Providing exceptional opportunities for future agricultural communicators to test drive a career is also at the heart of the AAEA Ag Communicators Network editorial and marketing communications internships.
Each intern earns a $4,500 stipend for approximately 10 weeks and another $1,000 toward the cost of attending the Agricultural Media Summit. As a member-driven, non-profit organization, the Professional Improvement Foundation (PIF) provides funding, direction and input for these openings.
Continuing this educational and experiential legacy for years to come is a top priority for PIF. What that means is ensuring that our members see the value students gain from this program as well as the importance of steadily growing this initiative.
The contributions that support PIF initiatives like internships come from a variety of sources including an Ag Media Summit grant, donations through member renewals, past president and trustee donations, and sponsorships.
For example, G&G Communications and Sage Communications have helped support the marketing communications internship for a number of years.

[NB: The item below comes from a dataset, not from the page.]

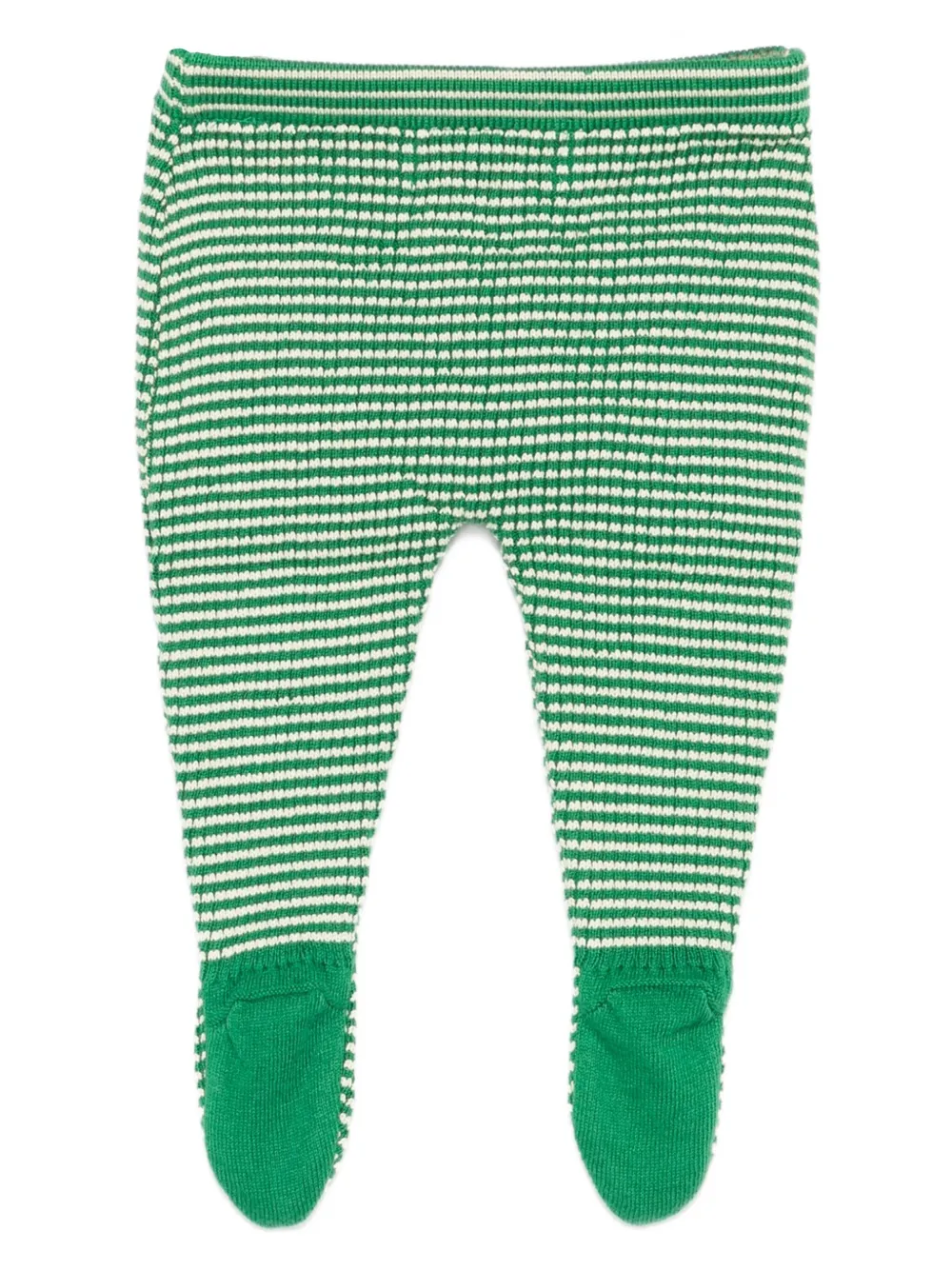 Bobo Choses Car-embroidered Striped Trousers In Green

While funding for the editorial internship has come from PIF’s annual operating budget, there is an opportunity for the right company or group to sponsor this internship as well.
Although these sources have proven fruitful in the past, we know we must also explore new revenue streams. As we look to 2018, PIF is working to expand its reach beyond the traditional resources so we can continue to offer and expand upon the invaluable opportunities our programs for future agricultural communicators present.
Students hired as interns should be paid…no, they actually NEED to be paid.
I’ve worked in higher education as a journalism faculty member for more than 20 years. In the last 10 years, I can count on one hand the number of students I’ve known who weren’t holding down a job and attending school. I’ve encountered more than a few, with families, who worked full-time and attended school full-time.
I won’t burden you with how much a college education costs. What I will relate is that when you offer an unpaid internship to a student, and they accept, not only will they give up a semester of making a couple of thousand dollars for school while living at home, they’ll also be required to pay pay tuition fees for the internship credits (three to six, depending on the hours they spend in your employ) in order for it to count toward graduation.
My first full-time faculty position paid me $44,000 a year: exactly, $1,000 less than I owed the feds for my student loans. The monthly nut for paying it back? $500. And that was 16 years ago. This kind of debt is not uncommon among graduating seniors today.
Yes, students need internship experience but they also need the money. The two should not be mutually exclusive.
Thank you, AAEA, for this leadership by example.